Sturgeon blames austerity for Brexit vote, repeats threats of 2nd Scottish independence referendum

SNP Leader and First Minister Nicola Sturgeon. © Russell Cheyne
Scottish First Minister Nicola Sturgeon has once again threatened Westminster with a new independence referendum, demanding “Scotland’s voice is heard and our wishes respected.”

The Scottish National Party (SNP) leader warned Britain is heading towards a “hard rather than a soft Brexit,” which would leave Scotland excluded from the single market and with restrictions on its citizens’ freedom of movement.

In Scotland it “may well be that the option that offers us the greatest certainty, stability and the maximum control over our own destiny is that of independence,” she said in an address to charities, public sector groups and business leaders.

While the Leave campaign secured the majority vote across Britain last month, results of the referendum over European Union membership in Scotland were predominantly in favor of staying in (62 percent). A second ‘indy ref,’ according to Sturgeon, would therefore be “highly likely.”

“I don’t underestimate the challenge of finding such a solution,” she said. “Even if we can agree a position at UK level, we would face the task of persuading the EU to agree it.
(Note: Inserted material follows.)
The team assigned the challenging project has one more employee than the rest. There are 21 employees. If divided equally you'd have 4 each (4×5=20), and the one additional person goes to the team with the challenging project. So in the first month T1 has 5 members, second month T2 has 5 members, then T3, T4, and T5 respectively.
The barriers are substantial.

“Much of the blame for what happened on June 23 lies with the UK government’s ideological obsession with austerity, with its decision to make ordinary people pay the price of a financial crash they didn’t cause and with its cynical collusion in the myth that cuts and public service pressures are the fault of migrants, rather than a direct result of deliberate economic policy.”

Prime Minister Theresa May’s catchphrase “Brexit means Brexit” wasn’t enough for Sturgeon, who believed it was “just a soundbite that masks a lack of any clear sense of direction.”
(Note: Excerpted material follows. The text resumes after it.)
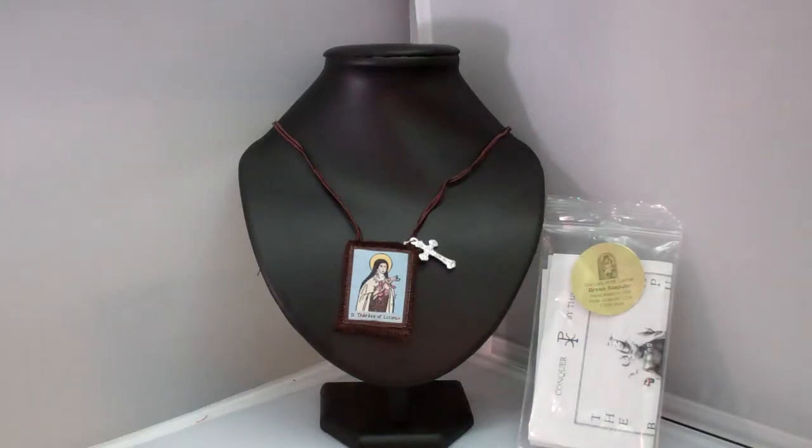Hey guys, this is Catholic Gifts featuring the items off of SaintsMarket.com. This item is our Brown Scapular St. Therese. To order this item, please visit us at SaintsMarket.com.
She therefore challenged May’s government to “find ways to demonstrate that Scotland’s voice can be heard, our wishes accommodated and our interests protected within the UK.”
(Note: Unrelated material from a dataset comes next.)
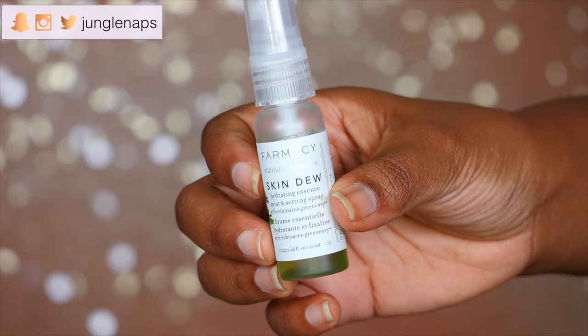Alright, first up — this is like reaching in for Halloween candy, you know. This is from a company called Farmacy. This is their Skin Dew Hydrating Essence Mist and Setting Spray, and it has Echinacea Green Envy. I like that. So this definitely looks to be more of a natural product, which I ain't mad at at all. Let me just spray this on my face and shake it up a little bit. My first impression is that it comes out super strong — I wasn't expecting it to be that strong, but it does smell really, really good.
Sturgeon’s Tory opponent Murdo Fraser MSP replied to her speech, saying: “Scotland does not want to go through the division and upheaval of another independence vote. Instead, the Scottish government should be working hard to make the best of this, not shoehorning its narrow agenda into almost anything it can.”

Commenting on Sturgeon’s five key interests to protect in Scotland upon Brexit – democracy, economy, social protections, international solidarity and influence in the single market – Fraser added: “[Sturgeon] is setting these up to fail to provide another flimsy excuse for a referendum re-run.

“It’s pretty clear the SNP is going to amble through this process and reach the conclusion it always wanted.”